● Task statement
From the line containing "- une chambre" to the line containing "Lenox Love Is" in the records below, set down every line exactly as it stands, both ends included, and skip the pictures.

● Excerpted records
· · · · ·

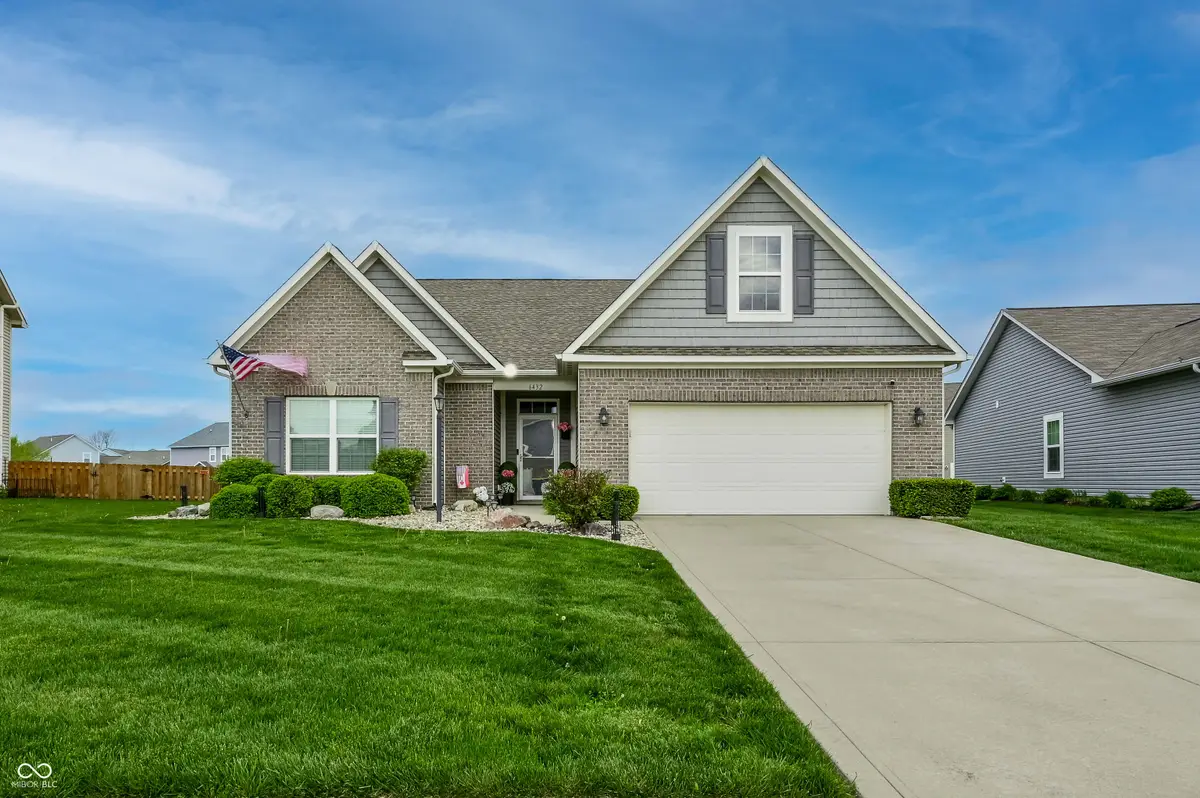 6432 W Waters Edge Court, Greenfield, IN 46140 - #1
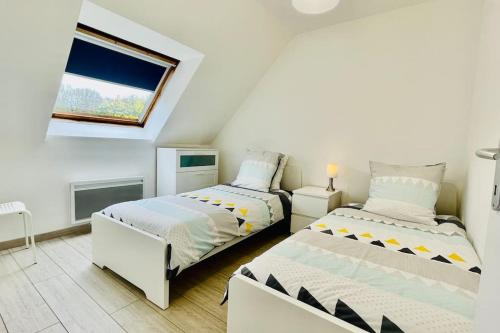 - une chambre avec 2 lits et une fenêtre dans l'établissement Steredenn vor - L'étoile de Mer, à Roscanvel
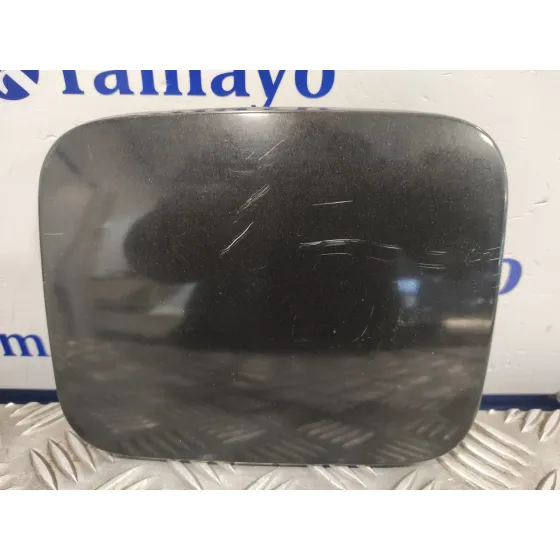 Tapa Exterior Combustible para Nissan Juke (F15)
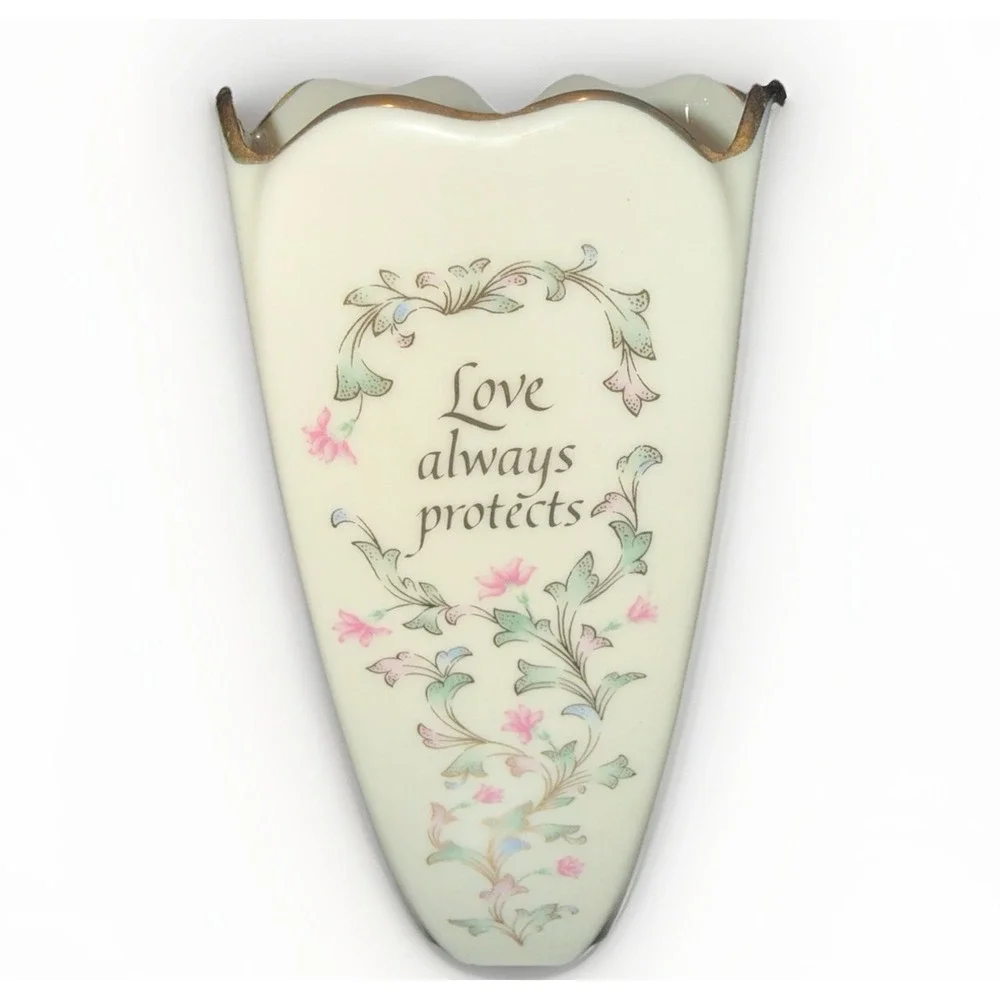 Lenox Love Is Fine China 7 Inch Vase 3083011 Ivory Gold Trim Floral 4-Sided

· · · · ·

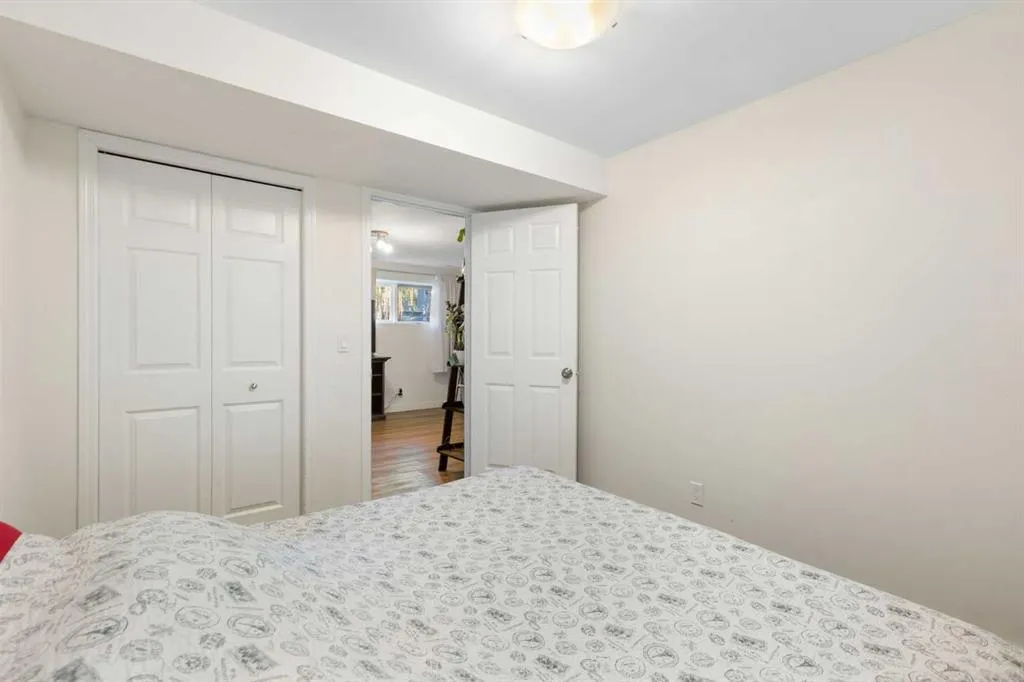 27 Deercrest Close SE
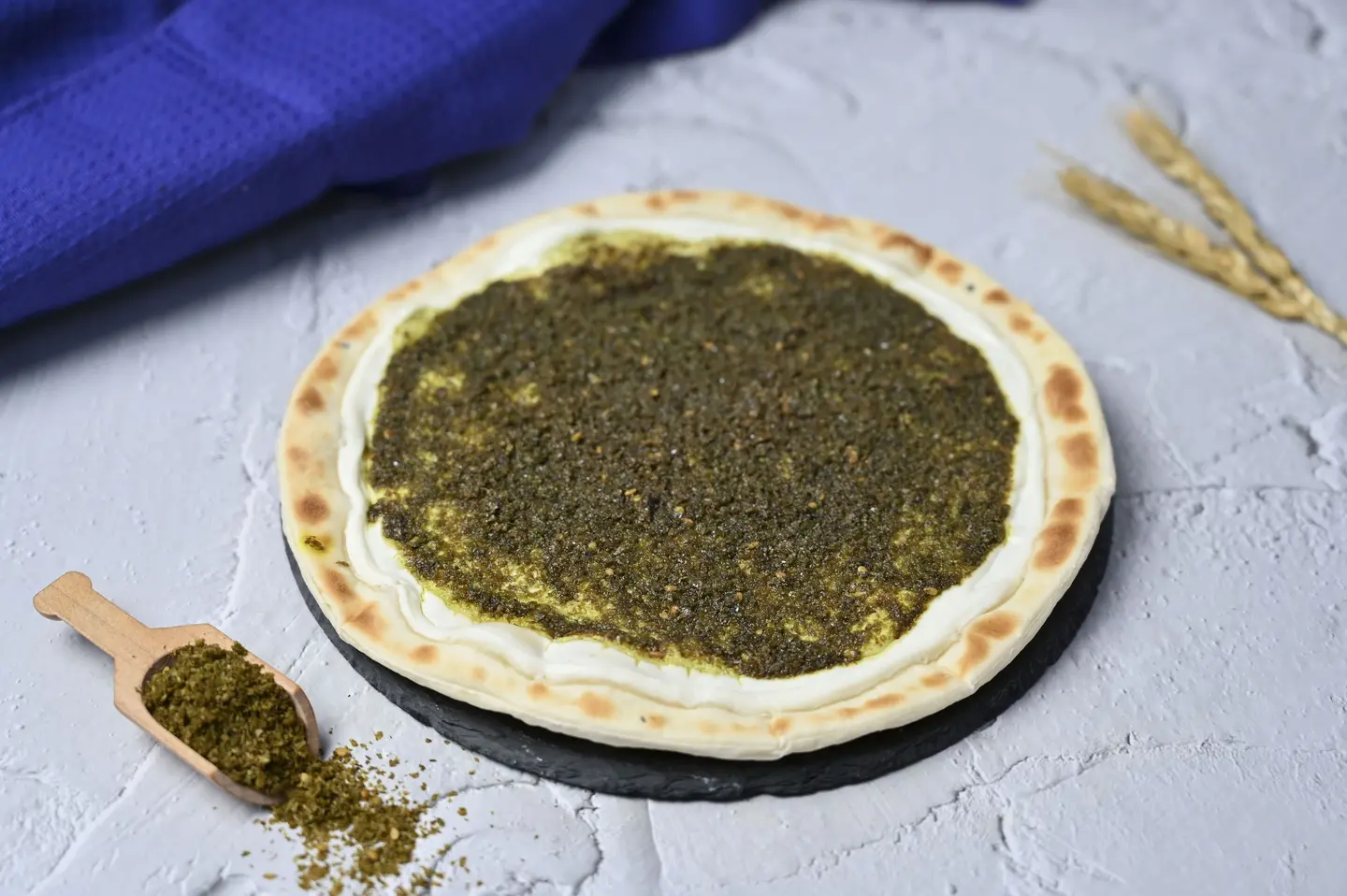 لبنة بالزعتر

· · · · ·

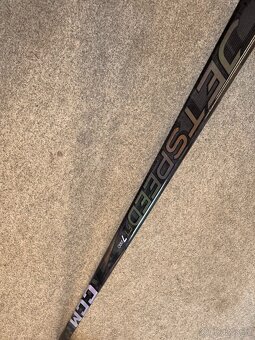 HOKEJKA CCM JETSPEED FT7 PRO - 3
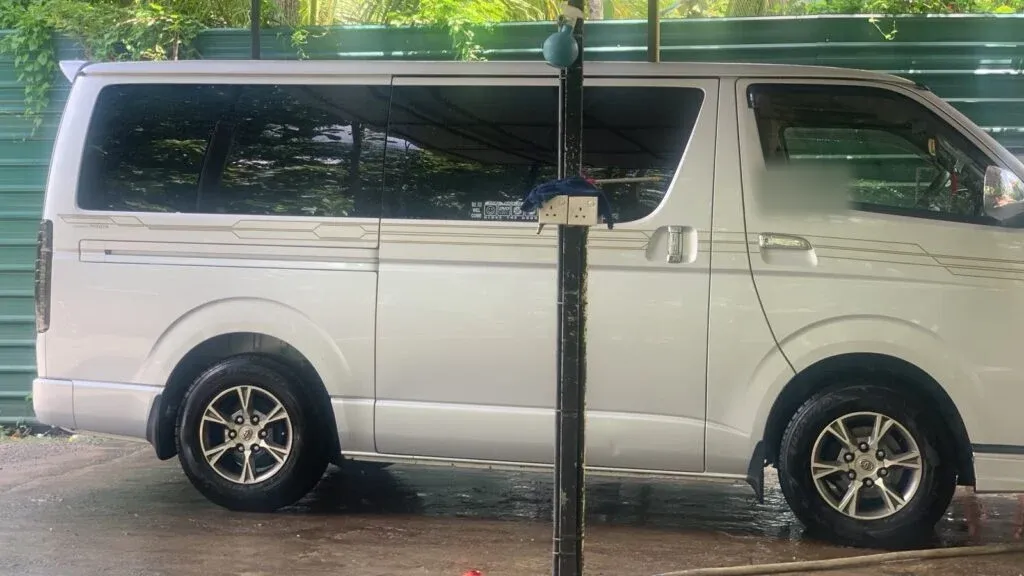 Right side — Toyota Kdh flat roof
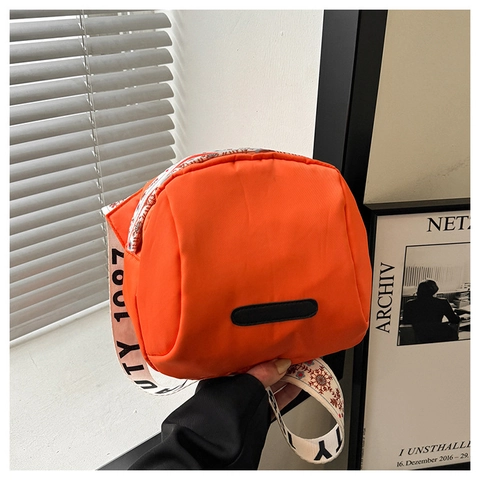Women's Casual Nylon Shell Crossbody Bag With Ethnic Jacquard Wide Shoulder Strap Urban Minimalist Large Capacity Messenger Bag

· · · · ·

● Exercise response
 - une chambre avec 2 lits et une fenêtre dans l'établissement Steredenn vor - L'étoile de Mer, à Roscanvel
 Tapa Exterior Combustible para Nissan Juke (F15)
 Lenox Love Is Fine China 7 Inch Vase 3083011 Ivory Gold Trim Floral 4-Sided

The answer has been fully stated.